Während Le Corbusier sich der Stadtplanung und der Architektur widmete, gestaltete sein Cousin Pierre Jeanneret die Möblierung der Verwaltungsgebäude. Wichtig für Jeanneret waren hierbei die Einbeziehung lokaler Handwerker sowie die Verwendung einheimischer Hölzer, die dem örtlichen Klima länger standhalten würden. Cassina hat vier dieser Entwürfe von Pierre Jeanneret für Chandigarh in einer Reedition wiederaufleben lassen.
Die Planstadt Chandigarh
Chandigarh war das zweite grosse städtebauliche Projekt im 20. Jahrhundert nach Brasiliens Hauptstadt Brasília. Nach der Unabhängigkeit und Trennung von Indien und Pakistan 1947 benötigte der indische Teilstaat Punjab eine neue Hauptstadt. Der damalige Ministerpräsidenten Jawaharlal Nehru empfahl für die Planung Le Corbusier. Für diesen bot das Projekt eine einmalige Gelegenheit dar, seine städtebaulichen Theorien in der Realität zu testen. Das Chandigarh-Projekt gilt als das reifste Werk von Le Corbusier, das seine Poetik, Technik und Ideologie vereint.
In Chandigarh strebte Le Corbusier die Umsetzung seiner Theorie der Entflechtung der vier städtischen Funktionen Wohnen, Arbeiten, Erholung, und Verkehr an. Das Zentrum der Stadt bildet das Regierungsviertel mit den wichtigsten öffentlichen Gebäuden, dem Capitol Complex. Die Aufnahme in die Unesco-Welterbeliste im Jahre 2016 hat grosses Interesse am Capitol Complex von Le Corbusier erweckt: ein ausserordentliches architektonisches Werk, das verwirklicht wurde, um die Unabhängigkeit einer Nation zu zelebrieren, die sich gegenüber der Moderne öffnet.
Pierre Jeanneret
Pierre Jeanneret (1896–1967) war ein Schweizer Architekt und Designer. Gemeinsam mit seinem berühmten Cousin Le Corbusier führte er in Paris ab 1922 ein Architekturbüro. Zusammen entwarfen sie die bedeutendsten Bauten des 20. Jahrhunderts, wie etwa die Villa Savoye oder die Villa Roche in Paris. 1927 schlossen sie sich mit der Architektin Charlotte Perriand zusammen: Gemeinsam entwarfen sie Designklassiker, darunter die ikonische LC4 Liege.

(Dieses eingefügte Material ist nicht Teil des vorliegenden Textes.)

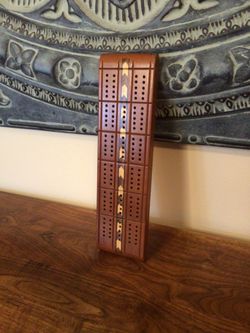 Vintage Wood Cribbage Board With Pegs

Die Zusammenarbeit der beiden Cousins endete mit dem 2. Weltkrieg, als Le Corbusier dem Vichy-Regime und Pierre der Résistance näherstanden. 1951 kamen sie wieder zusammen, um die Planstadt Chandigarh in Indien zu erbauen. Während Le Corbusier nicht lange in Indien blieb, lebte Pierre Jeanneret während 15 Jahren in Chandigarh. Er war vor Ort für die Realisierung des Generalbebauungsplans verantwortlich und wurde zum Direktor der Architekturschule von Chandigarh ernannt.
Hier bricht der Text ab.